A FORMER doorman was “as cool as ice” when he confronted the man he is alleged to have killed by slashing his throat, the jury in the York murder trial heard.
They were also told Brian Cox, 29, was guilty of cowardice, telling lies and doing stupid things, but he was not a murderer.
Cox, no fixed address, denies murdering Mark Webb, 40. Also in the dock at Leeds Crown Court are his girlfriend and wife to Mr Webb, Susan Webb, 30, of Middleton Avenue and Cox’s other girlfriend Dawn Coates, 49, of Chapel Terrace, Acomb, who both deny perverting the course of justice.

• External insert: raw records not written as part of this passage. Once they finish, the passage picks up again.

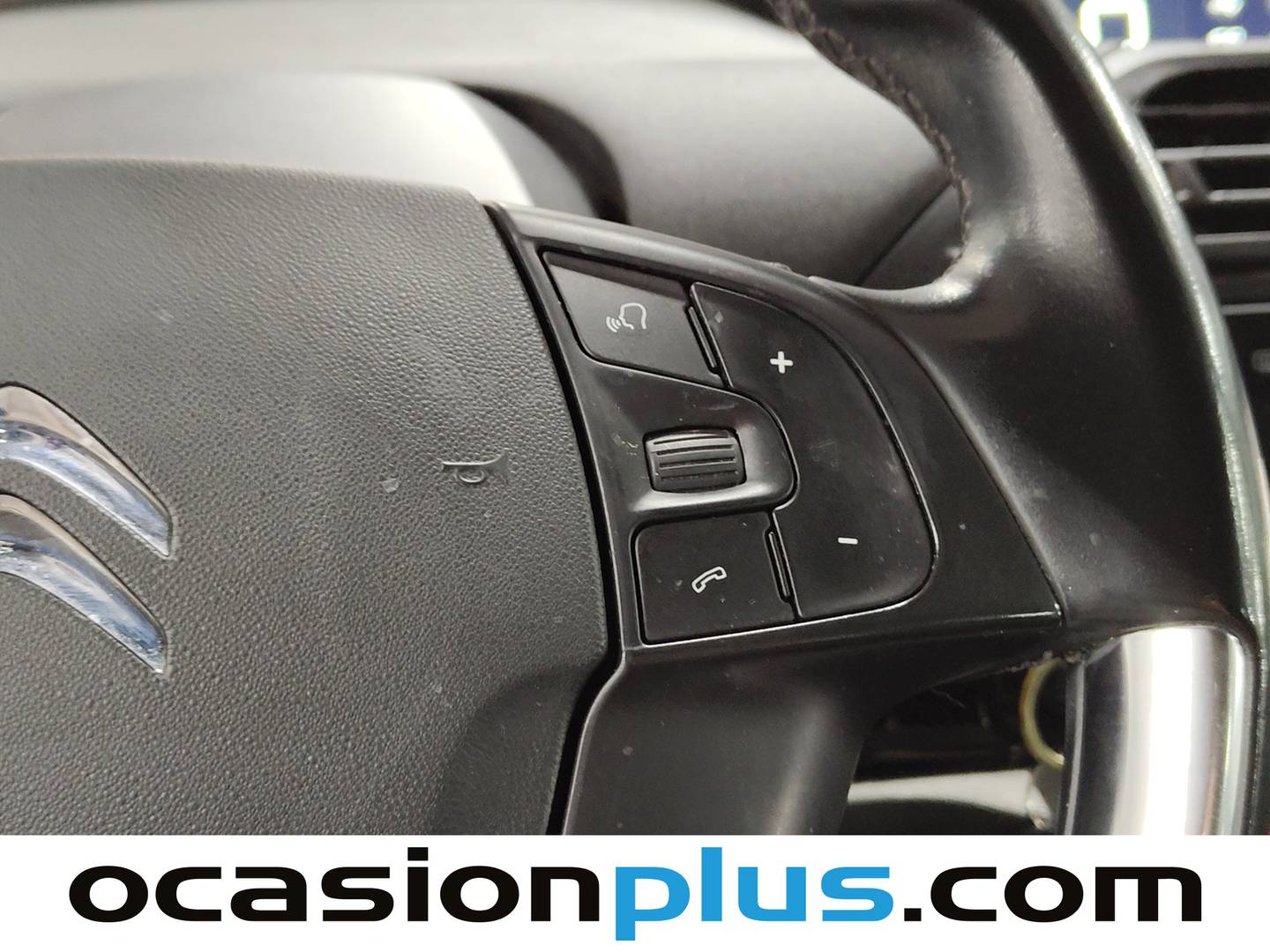 Citroën Grand C4 Picasso Citroën Grand C4 Picasso BlueHDi 120 Feel (120 CV) barato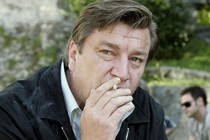 Aki Kaurismäki back after five years with The Other Side of Hope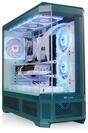 Thermaltake View 600 TG | Full Tower E-ATX | Panorama-Design mit 4 Tempered Glas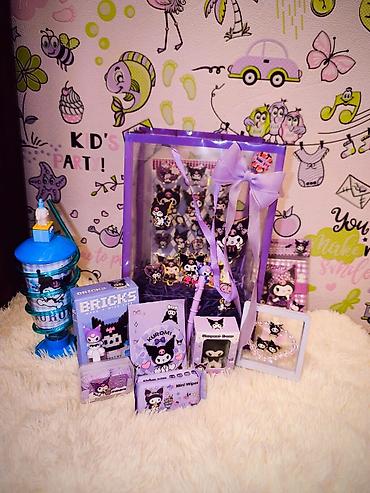 Hədiyyələr: Hədiyyə qutuları və tematik setlər - Şirniyyat qutuları: Bölməli — 6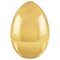 Jumbo Easter Egg - Gold, 1ct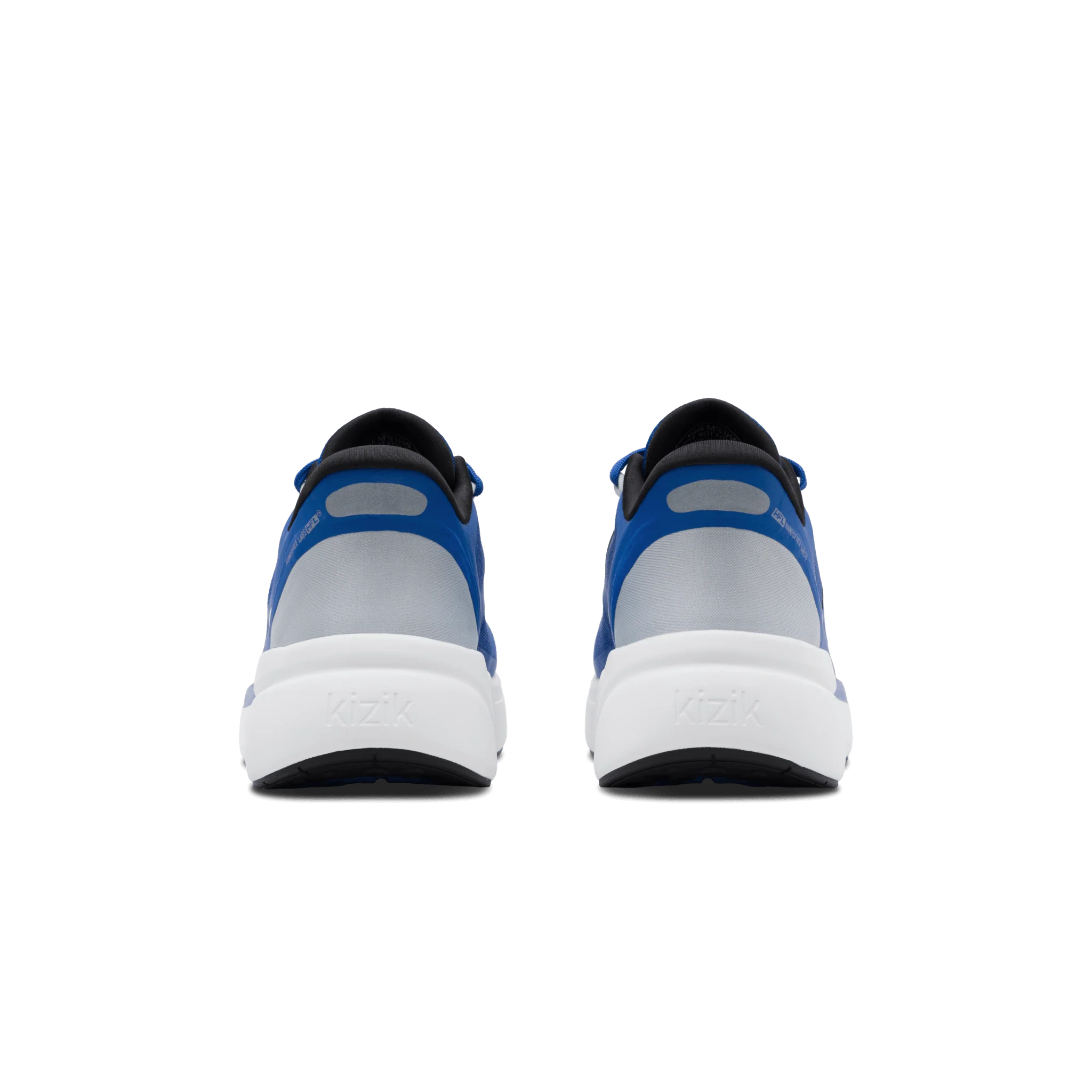 Men's Freedom Run - Lapis Blue/White - Image 5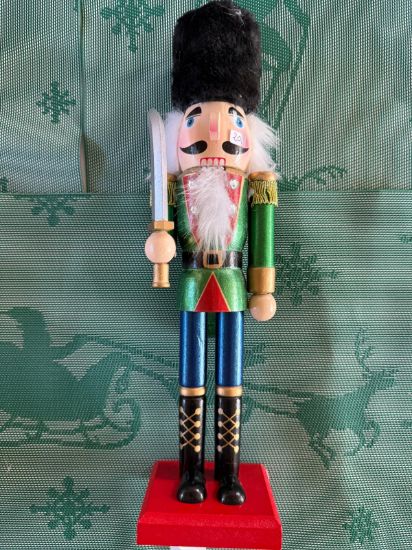 Picture of Weihnachtsdekoration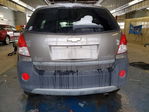 Chevrolet Captiva 2012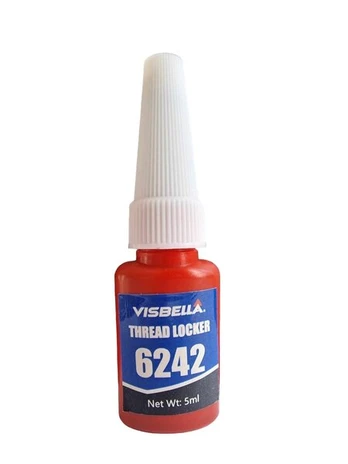 Sriegių fiksatorius Visbella 6242, 5 ml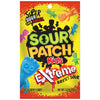 SOUR PATCH KIDS EXTREME PEG BAG 7.2oz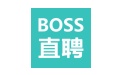 boos直聘段首LOGO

Richard Mansell, giving the prosecution closing speech, alleged Cox comforted Susan Webb and took a Stanley knife from a kitchen drawer before going out to stop Mr Webb entering Kerry Munton’s home in Stuart Road on March 4 Mr Mansell said: “On the evidence, he was as cool as ice, drawing on his experience on the doors.”
The two men had a struggle witnessed by Ms Munton and shortly afterwards, Mr Webb, a father-of-five of Cornlands Road, died from a 19cm throat wound.
Mr Mansell said: “You can be quite sure this happened as a result of a deliberate slash and not as an accident. Why else would he (Cox) have a Stanley knife in his hand when he went to confront Mr Webb, given what had gone on in the hour before, other than to use it as a weapon of offence?”
He dismissed Cox’s account of how the knife had accidentally cut Mr Webb four times on the grounds the knife’s blade would have had to “defy gravity”.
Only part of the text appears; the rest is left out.